La explicación que repara: fantasía en medio de las rupturas amorosas
Por: Agnieszka Bozanic L.

Después de algunas rupturas ocurre algo extraño. La relación termina, pero la espera continúa. Esperamos una última conversación, esperamos una respuesta de parte de quien se va, esperamos una explicación capaz de ordenar retrospectivamente la historia. Porque la mente es así: quiere saber qué pasó, cuándo empezó a romperse el vínculo, qué era verdadero y qué dejó de serlo. Quiere comprender. Pero, sobre todo, quiere que el dolor tenga sentido.
Por eso muchas veces depositamos una esperanza desproporcionada en una conversación futura. Imaginamos que existe una explicación capaz de reorganizar la experiencia, una frase que finalmente hará encajar las piezas. Como si comprender fuera una forma de reparar, como si el conocimiento pudiera hacer el trabajo del duelo. Sin embargo, ambas cosas pertenecen a órdenes distintos. La explicación pertenece al conocimiento. El duelo pertenece a la pérdida. Y una no garantiza la otra.
André Gide puso en cuestión nuestra confianza en la causalidad a través de la idea del acto gratuito: una acción que parece resistirse a las explicaciones completas. No porque ocurra sin motivos, sino porque los motivos nunca alcanzan a agotarla del todo. En el amor ocurre algo parecido. Quien se va puede decir: “dejé de sentir lo mismo”, “me enamoré de otra persona” o “ya no quería seguir”. Esas razones pueden ser sinceras, pueden incluso ser verdaderas, pero ninguna de ellas contiene por sí sola el significado de una relación.
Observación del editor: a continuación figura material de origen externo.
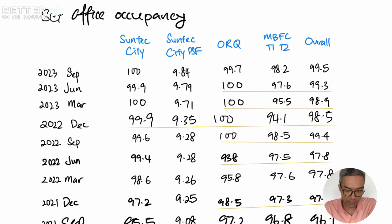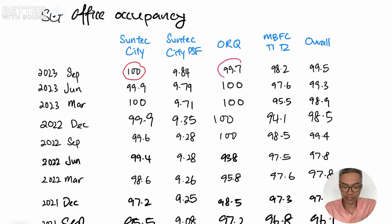So the next factor to look at is actually increasing the occupancy. For the Singapore office, you can see that Suntec office is already at 100%, ORQ at 99.7%, and probably the one that has more potential to contribute a little bit more revenue is the MBFC. However, the peak occupancy happened in September 2022 for MBFC. So for the Singapore office occupancy to increase a little bit more, I'll take it like it's an icing on the cake.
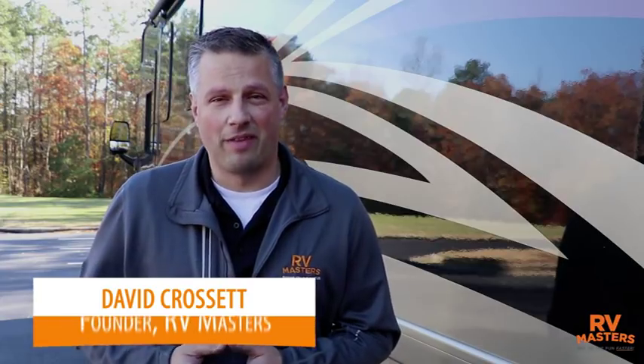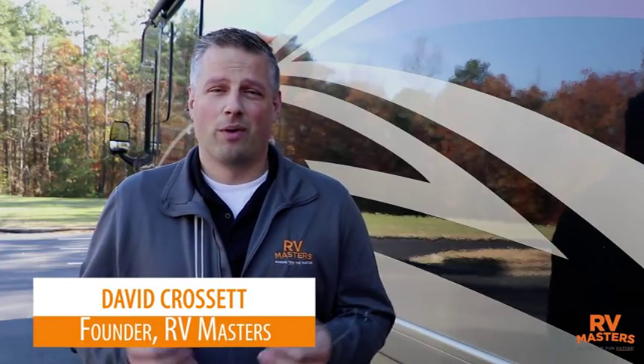Welcome to the Curve Class A Master Track. I'm David Crossette, the founder of RV Masters. When I bought my first RV, I went to the dealership to test drive it. When I took it home, I didn't know the first thing about how it worked. I had a little bit of a walkthrough, but I really didn't understand a lot of what I needed to feel confident with my machine.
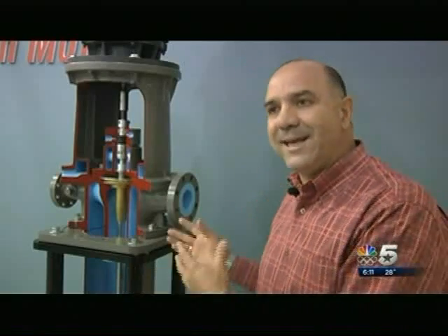People don't think — you tell them you work for a pump company and they're like, oh yeah, sorry for you. But it really is an interesting piece of business because a lot of engineering goes into these pumps and equipment.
Explican una decisión, no explican una historia. Siempre quedará un resto. Una zona opaca. Algo que se resiste a convertirse completamente en relato.
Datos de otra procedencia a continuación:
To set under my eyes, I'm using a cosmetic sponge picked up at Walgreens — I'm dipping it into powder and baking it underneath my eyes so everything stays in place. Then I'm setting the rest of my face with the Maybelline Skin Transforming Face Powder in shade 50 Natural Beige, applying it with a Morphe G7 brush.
Y quizás por eso seguimos preguntando: no porque la explicación no exista, sino porque esperamos que exista una explicación definitiva, una explicación capaz de cerrar la herida. Como si comprender pudiera devolvernos aquello que perdimos. Pero tal vez la dificultad sea otra.
La explicación que buscamos y la explicación que el otro puede ofrecer no responden a la misma pregunta. Cuando alguien dice: “Me fui porque ya no era feliz”, probablemente está explicando por qué tomó una decisión. Quien escucha, en cambio, suele estar preguntando por algo muy distinto: ¿Cómo interpreto ahora todo lo que vivimos?, ¿En qué momento dejó de existir el futuro que imaginábamos?, ¿Qué hago con la historia que todavía sigue ocurriendo dentro de mí? La respuesta puede ser verdadera y, al mismo tiempo, insuficiente. No porque falte honestidad, sino porque responde a una pregunta distinta. Quien se va puede explicar sus razones. Quien permanece intenta comprender el significado de la pérdida. En ese sentido, las razones pueden compartirse, pero el significado debe construirse.
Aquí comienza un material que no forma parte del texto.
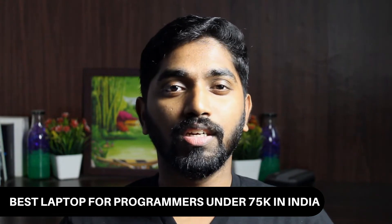Hello friends, my name is Rudin V.S. You are watching me on the Tech My Rise YouTube channel. In today's video, we are going to list out the best laptops under 75,000 rupees in India for programmers. So without any delay, let's get started.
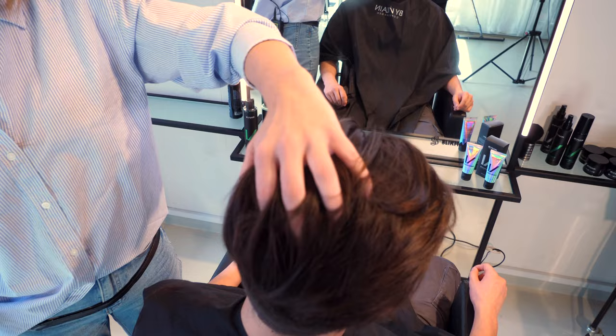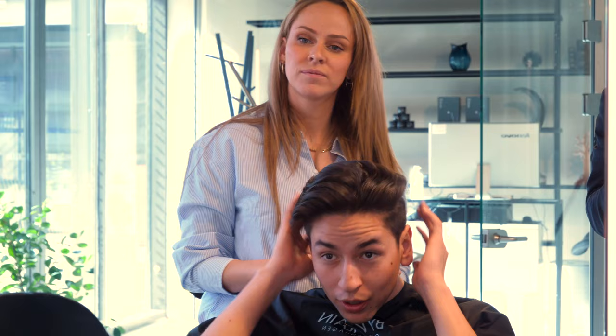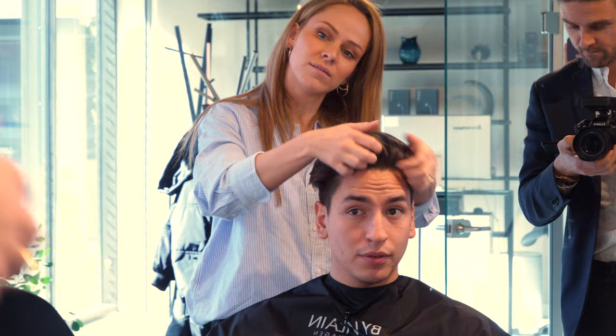So David, how long have you had this shorter hairstyle? For about a year — before that it was long hair down, and then I just wanted to get a new fresh haircut. Yeah, it's a bit more fresh with the shorter sides. Exactly. Looks much better.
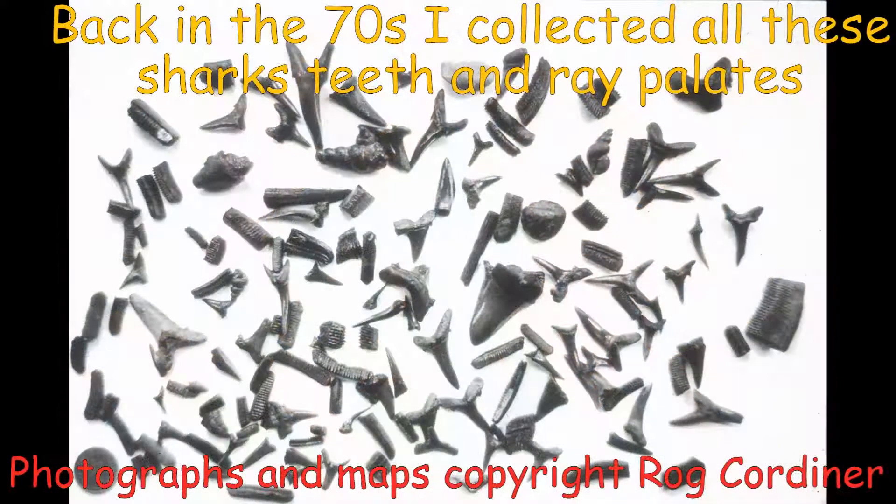Erosion of the foreshore strata in Bracklesham Bay is slow, so that after many years of intensive collecting of fossil shark's teeth, they are now more difficult to find. Back in the 70s, you could collect 20 to 30 in a couple of hours. But now you might get two or three, but you never know.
Por eso incluso la explicación más honesta seguirá siendo parcial. No porque el otro mienta, sino porque nadie posee la verdad completa de una relación. Cada quien habla desde sus recuerdos, sus emociones, sus puntos ciegos y la narrativa que ha construido sobre lo vivido. La explicación que recibimos siempre será la verdad de quien explica, nunca la verdad total de la historia.
Y quizás ahí aparece una de las lecciones más difíciles del desamor. La persona que nos hiere puede ayudarnos a comprender algo de lo ocurrido. Lo que no puede hacer es realizar el trabajo emocional que implica perderla. Porque quien se va puede explicar sus actos, pero no puede decirnos qué hacer con su ausencia. Puede compartir sus razones, pero no puede construir por nosotros el significado de la pérdida.
Quizás el error no sea esperar una explicación. El error sea pedirle que haga el trabajo del duelo porque ninguna explicación puede devolver el futuro que desapareció. Ninguna explicación puede restaurar una relación que terminó. Ninguna explicación puede amar por quien se fue. Y ninguna explicación puede despedirse por nosotros. Tal vez el duelo comience cuando dejamos de buscar reparación en las respuestas. Cuando comprendemos que la explicación puede ofrecernos conocimiento, pero no consuelo. Porque el consuelo no llega cuando finalmente entendemos. Llega cuando dejamos de exigirle a la explicación aquello que nunca estuvo en condiciones de dar.